*Work to be completed:*
Begin with the first line of the entries below. Copy each line exactly, stopping after the one that contains "BICI DA CORSA GIANT PROPEL ADVANCED PRO".

+++

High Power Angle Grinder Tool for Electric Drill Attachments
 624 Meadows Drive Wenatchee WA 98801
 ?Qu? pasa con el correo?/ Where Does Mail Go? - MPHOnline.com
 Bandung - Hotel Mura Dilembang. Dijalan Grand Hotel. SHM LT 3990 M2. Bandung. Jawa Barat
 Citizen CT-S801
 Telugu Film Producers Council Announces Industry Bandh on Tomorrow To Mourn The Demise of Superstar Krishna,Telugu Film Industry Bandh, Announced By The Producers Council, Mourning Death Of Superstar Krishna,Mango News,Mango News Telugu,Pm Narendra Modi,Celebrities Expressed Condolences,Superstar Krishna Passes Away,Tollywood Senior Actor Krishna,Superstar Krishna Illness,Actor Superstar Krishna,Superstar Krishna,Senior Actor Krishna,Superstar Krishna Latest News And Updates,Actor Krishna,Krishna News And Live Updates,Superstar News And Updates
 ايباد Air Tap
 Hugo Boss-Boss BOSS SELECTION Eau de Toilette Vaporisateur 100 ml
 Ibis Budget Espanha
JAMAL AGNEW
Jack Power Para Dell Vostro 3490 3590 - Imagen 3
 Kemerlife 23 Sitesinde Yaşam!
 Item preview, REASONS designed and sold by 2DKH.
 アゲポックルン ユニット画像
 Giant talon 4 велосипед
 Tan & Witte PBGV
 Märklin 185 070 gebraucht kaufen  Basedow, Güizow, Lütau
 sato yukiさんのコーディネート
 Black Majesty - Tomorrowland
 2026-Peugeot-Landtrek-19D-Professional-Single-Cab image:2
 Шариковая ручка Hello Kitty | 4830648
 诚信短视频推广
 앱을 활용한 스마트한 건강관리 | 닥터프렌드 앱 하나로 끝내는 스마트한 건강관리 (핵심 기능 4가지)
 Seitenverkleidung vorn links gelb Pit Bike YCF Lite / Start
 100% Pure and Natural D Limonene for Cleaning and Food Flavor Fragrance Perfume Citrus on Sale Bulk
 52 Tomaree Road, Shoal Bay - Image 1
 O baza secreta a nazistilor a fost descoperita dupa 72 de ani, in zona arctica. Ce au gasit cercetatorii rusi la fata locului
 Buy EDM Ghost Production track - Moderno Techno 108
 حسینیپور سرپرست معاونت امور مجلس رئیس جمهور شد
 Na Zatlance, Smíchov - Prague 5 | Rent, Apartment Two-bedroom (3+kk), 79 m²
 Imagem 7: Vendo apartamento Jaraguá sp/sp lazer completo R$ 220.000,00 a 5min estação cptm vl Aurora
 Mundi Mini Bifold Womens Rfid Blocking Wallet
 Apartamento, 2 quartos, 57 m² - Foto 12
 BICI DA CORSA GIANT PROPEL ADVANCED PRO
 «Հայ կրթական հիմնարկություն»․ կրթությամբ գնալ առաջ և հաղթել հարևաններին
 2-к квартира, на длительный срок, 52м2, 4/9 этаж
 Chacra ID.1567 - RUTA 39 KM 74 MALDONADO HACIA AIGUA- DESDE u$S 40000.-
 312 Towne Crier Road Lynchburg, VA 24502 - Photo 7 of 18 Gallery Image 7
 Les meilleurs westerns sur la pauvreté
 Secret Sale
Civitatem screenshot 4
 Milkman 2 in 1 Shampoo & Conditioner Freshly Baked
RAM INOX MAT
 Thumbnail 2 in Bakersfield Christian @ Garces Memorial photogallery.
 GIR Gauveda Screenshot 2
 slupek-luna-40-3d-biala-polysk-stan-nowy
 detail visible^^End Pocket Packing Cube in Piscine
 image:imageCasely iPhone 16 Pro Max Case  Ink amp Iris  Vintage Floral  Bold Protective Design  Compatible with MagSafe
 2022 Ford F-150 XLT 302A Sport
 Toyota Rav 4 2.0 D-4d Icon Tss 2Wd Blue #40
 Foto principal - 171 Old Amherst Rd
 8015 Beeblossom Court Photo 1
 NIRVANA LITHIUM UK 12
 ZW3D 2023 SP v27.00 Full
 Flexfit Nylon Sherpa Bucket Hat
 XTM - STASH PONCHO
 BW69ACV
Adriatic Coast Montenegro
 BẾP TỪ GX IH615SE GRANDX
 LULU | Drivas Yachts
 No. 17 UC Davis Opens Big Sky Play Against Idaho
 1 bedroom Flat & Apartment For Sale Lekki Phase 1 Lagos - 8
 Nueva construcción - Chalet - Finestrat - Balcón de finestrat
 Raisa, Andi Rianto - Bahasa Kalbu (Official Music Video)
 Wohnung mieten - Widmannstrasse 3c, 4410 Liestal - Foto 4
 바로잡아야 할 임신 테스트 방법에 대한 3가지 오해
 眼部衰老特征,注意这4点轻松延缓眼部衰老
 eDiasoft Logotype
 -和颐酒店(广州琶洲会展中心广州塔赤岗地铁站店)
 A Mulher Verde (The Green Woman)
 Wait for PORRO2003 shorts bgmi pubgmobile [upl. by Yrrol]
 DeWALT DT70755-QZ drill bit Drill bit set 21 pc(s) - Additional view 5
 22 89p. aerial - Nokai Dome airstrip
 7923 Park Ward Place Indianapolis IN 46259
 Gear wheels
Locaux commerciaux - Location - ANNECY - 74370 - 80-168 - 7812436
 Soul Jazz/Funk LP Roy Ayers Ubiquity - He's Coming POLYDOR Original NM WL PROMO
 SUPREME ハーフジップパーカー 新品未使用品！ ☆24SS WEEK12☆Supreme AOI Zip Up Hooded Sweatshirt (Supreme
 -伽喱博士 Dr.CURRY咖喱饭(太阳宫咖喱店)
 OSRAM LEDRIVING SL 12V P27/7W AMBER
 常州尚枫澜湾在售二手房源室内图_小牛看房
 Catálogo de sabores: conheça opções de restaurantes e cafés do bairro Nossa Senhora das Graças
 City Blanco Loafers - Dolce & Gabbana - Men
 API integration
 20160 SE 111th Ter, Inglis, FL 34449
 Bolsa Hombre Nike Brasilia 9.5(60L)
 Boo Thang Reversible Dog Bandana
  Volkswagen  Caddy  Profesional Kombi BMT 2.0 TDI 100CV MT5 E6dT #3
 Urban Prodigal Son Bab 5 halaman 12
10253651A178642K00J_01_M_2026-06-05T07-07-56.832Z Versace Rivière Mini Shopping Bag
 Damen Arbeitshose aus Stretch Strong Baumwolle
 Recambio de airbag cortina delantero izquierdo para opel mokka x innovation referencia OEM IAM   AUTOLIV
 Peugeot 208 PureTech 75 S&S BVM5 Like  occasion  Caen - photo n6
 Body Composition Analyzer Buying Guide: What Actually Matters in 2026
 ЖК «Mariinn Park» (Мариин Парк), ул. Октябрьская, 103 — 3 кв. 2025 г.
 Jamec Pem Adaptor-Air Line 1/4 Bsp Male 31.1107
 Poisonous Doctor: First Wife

+++

*Written response:*
High Power Angle Grinder Tool for Electric Drill Attachments
 624 Meadows Drive Wenatchee WA 98801
 ?Qu? pasa con el correo?/ Where Does Mail Go? - MPHOnline.com
 Bandung - Hotel Mura Dilembang. Dijalan Grand Hotel. SHM LT 3990 M2. Bandung. Jawa Barat
 Citizen CT-S801
 Telugu Film Producers Council Announces Industry Bandh on Tomorrow To Mourn The Demise of Superstar Krishna,Telugu Film Industry Bandh, Announced By The Producers Council, Mourning Death Of Superstar Krishna,Mango News,Mango News Telugu,Pm Narendra Modi,Celebrities Expressed Condolences,Superstar Krishna Passes Away,Tollywood Senior Actor Krishna,Superstar Krishna Illness,Actor Superstar Krishna,Superstar Krishna,Senior Actor Krishna,Superstar Krishna Latest News And Updates,Actor Krishna,Krishna News And Live Updates,Superstar News And Updates
 ايباد Air Tap
 Hugo Boss-Boss BOSS SELECTION Eau de Toilette Vaporisateur 100 ml
 Ibis Budget Espanha
JAMAL AGNEW
Jack Power Para Dell Vostro 3490 3590 - Imagen 3
 Kemerlife 23 Sitesinde Yaşam!
 Item preview, REASONS designed and sold by 2DKH.
 アゲポックルン ユニット画像
 Giant talon 4 велосипед
 Tan & Witte PBGV
 Märklin 185 070 gebraucht kaufen  Basedow, Güizow, Lütau
 sato yukiさんのコーディネート
 Black Majesty - Tomorrowland
 2026-Peugeot-Landtrek-19D-Professional-Single-Cab image:2
 Шариковая ручка Hello Kitty | 4830648
 诚信短视频推广
 앱을 활용한 스마트한 건강관리 | 닥터프렌드 앱 하나로 끝내는 스마트한 건강관리 (핵심 기능 4가지)
 Seitenverkleidung vorn links gelb Pit Bike YCF Lite / Start
 100% Pure and Natural D Limonene for Cleaning and Food Flavor Fragrance Perfume Citrus on Sale Bulk
 52 Tomaree Road, Shoal Bay - Image 1
 O baza secreta a nazistilor a fost descoperita dupa 72 de ani, in zona arctica. Ce au gasit cercetatorii rusi la fata locului
 Buy EDM Ghost Production track - Moderno Techno 108
 حسینیپور سرپرست معاونت امور مجلس رئیس جمهور شد
 Na Zatlance, Smíchov - Prague 5 | Rent, Apartment Two-bedroom (3+kk), 79 m²
 Imagem 7: Vendo apartamento Jaraguá sp/sp lazer completo R$ 220.000,00 a 5min estação cptm vl Aurora
 Mundi Mini Bifold Womens Rfid Blocking Wallet
 Apartamento, 2 quartos, 57 m² - Foto 12
 BICI DA CORSA GIANT PROPEL ADVANCED PRO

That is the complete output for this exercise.